ENPIRE:真实世界中机器人策略的自主改进框架
ENPIRE 提出一个闭环框架,让编码智能体通过环境(自动重置与验证)、策略改进、回滚(并行评估策略)和进化(分析日志、查阅文献、改进训练与算法代码)四个模块,自主完成真实世界的策略学习。该框架将操作任务转化为可控优化流程,在整理针盒、扎带紧固与工具使用等精细操作中达到 99% 成功率,并通过机器人集群加速迭代。
Achieving dexterous robotic manipulation in the real world heavily relies on human supervision and algorithm engineering, which becomes a central bottleneck in the pursuit of general physical intelligence. Although emerging coding agents can generate code to automate algorithm search, their successes remain largely confined in digital environments. We conjecture that the missing abstraction to automate robotics research is a repeatable feedback loop for real-world policy improvement: reset the scene, execute a policy, verify the outcome, and refine the next iteration.

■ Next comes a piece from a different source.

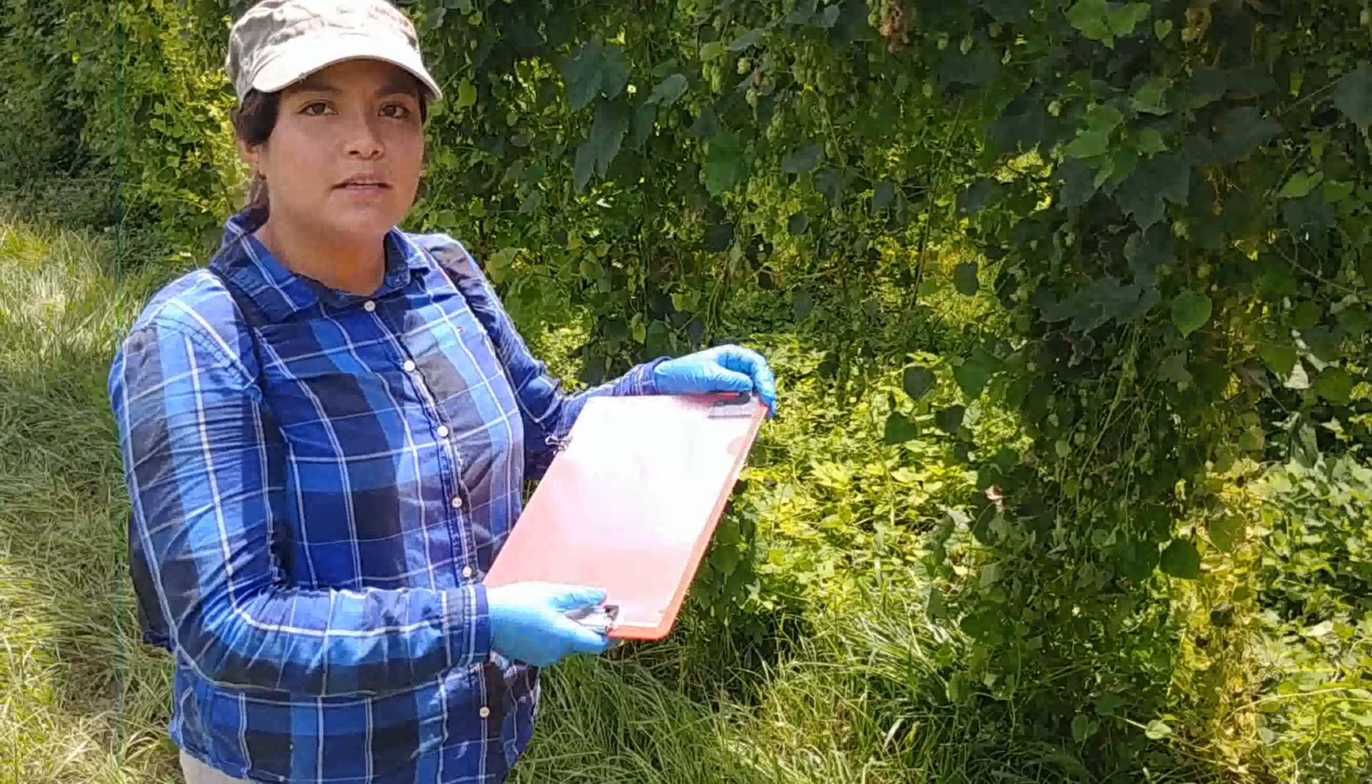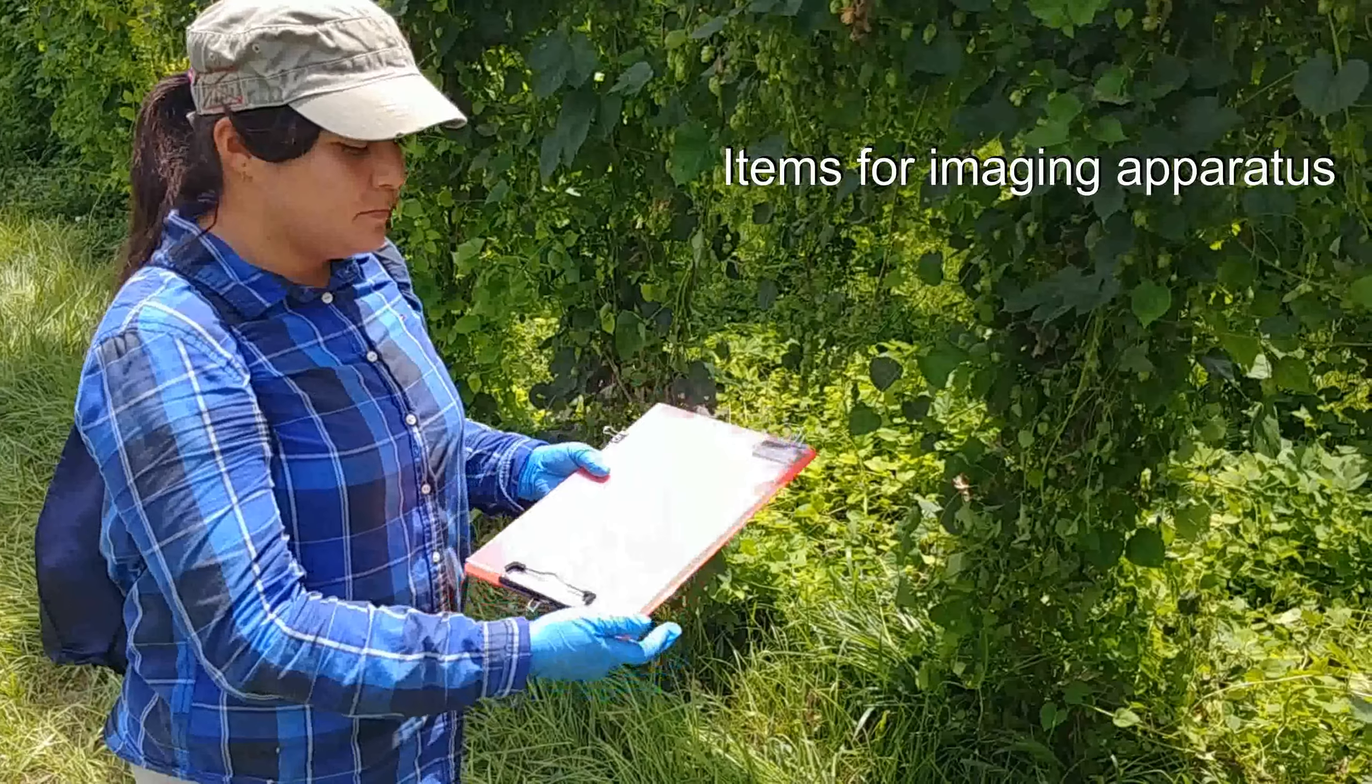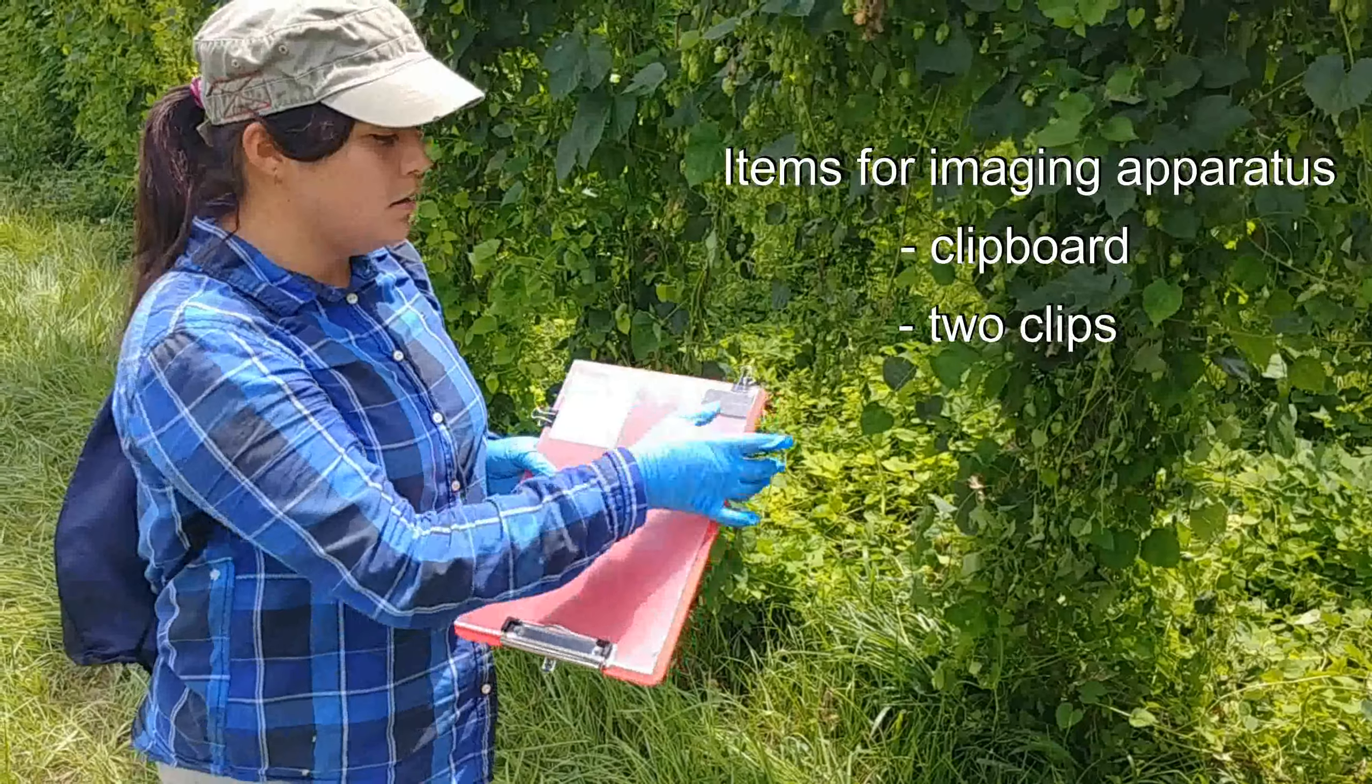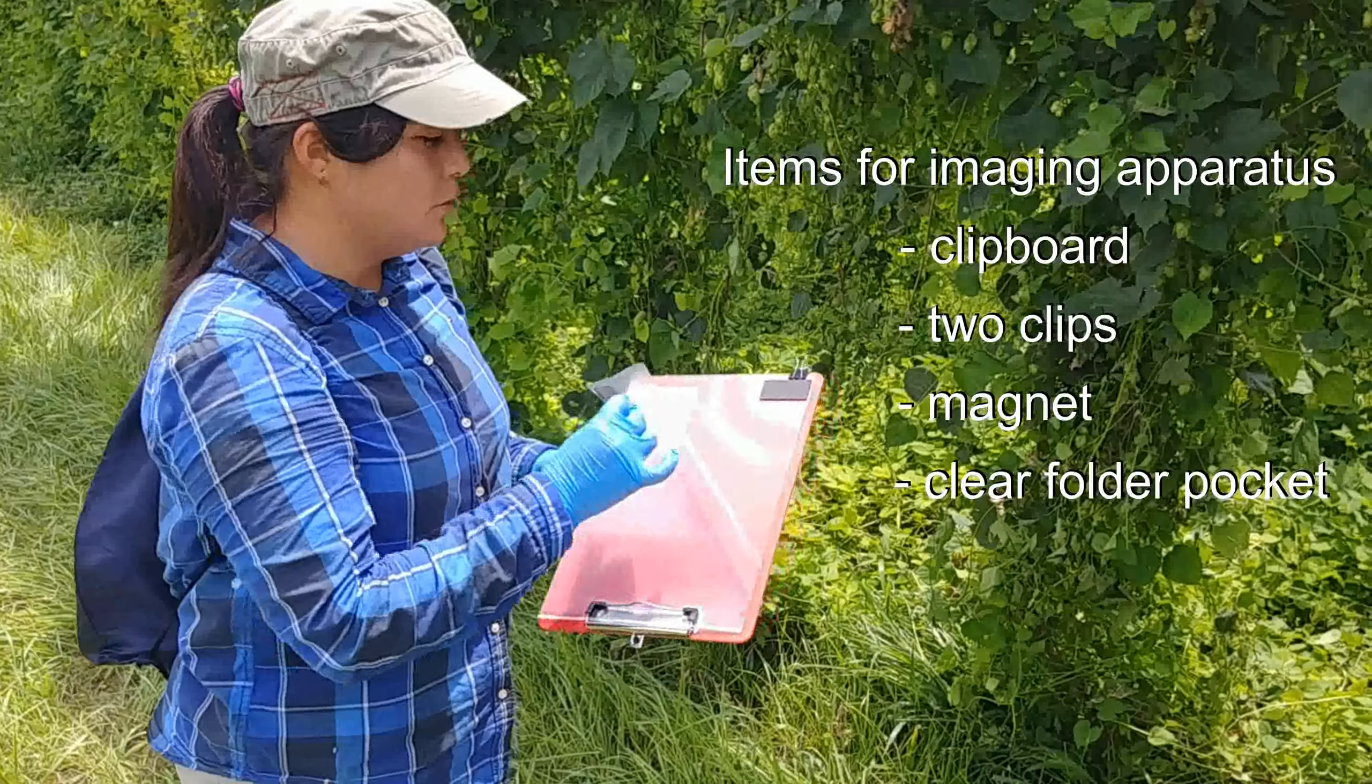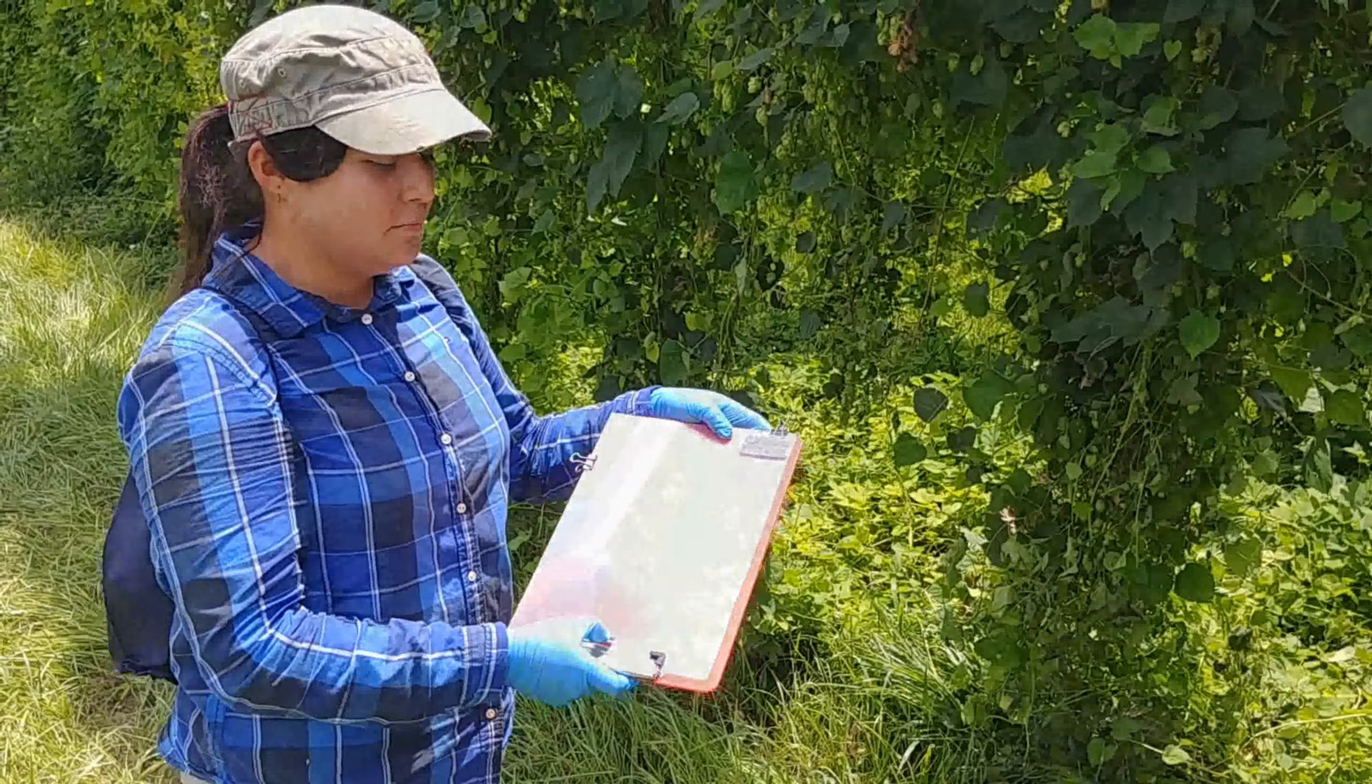In the picture for leaf area measurements, you'll need the clipboard, two clips, a magnet, a clear folder pocket, and a post-it. That's all.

To bridge this gap, we introduce ENPIRE, a harness framework for coding agents that instantiates this physical feedback routine with four core modules: an Environment module (EN) for automatic reset and verification, a Policy Improvement module (PI) that launches policy refinement, a Rollout module (R) to evaluate policies with one or multiple physical robots operating in parallel, and an Evolution module (E) in which coding agents analyze logs, consult literature, improve training infrastructure and algorithm code to address failure modes. This closed-loop system transforms real-world manipulation learning into a controllable optimization procedure, minimizing human effort while allowing fair ablations across training recipe and agent variants. Powered by ENPIRE, frontier coding agents can autonomously train a policy to achieve a 99% success rate on challenging, dexterous manipulation tasks, such as organizing a pin box, fastening a zip tie, and tool use, a process that further accelerates when we dispatch an agent team on a robot fleet. Our results suggest a practical and scalable path toward deploying coding agents to autonomously advancing robotics in the physical world.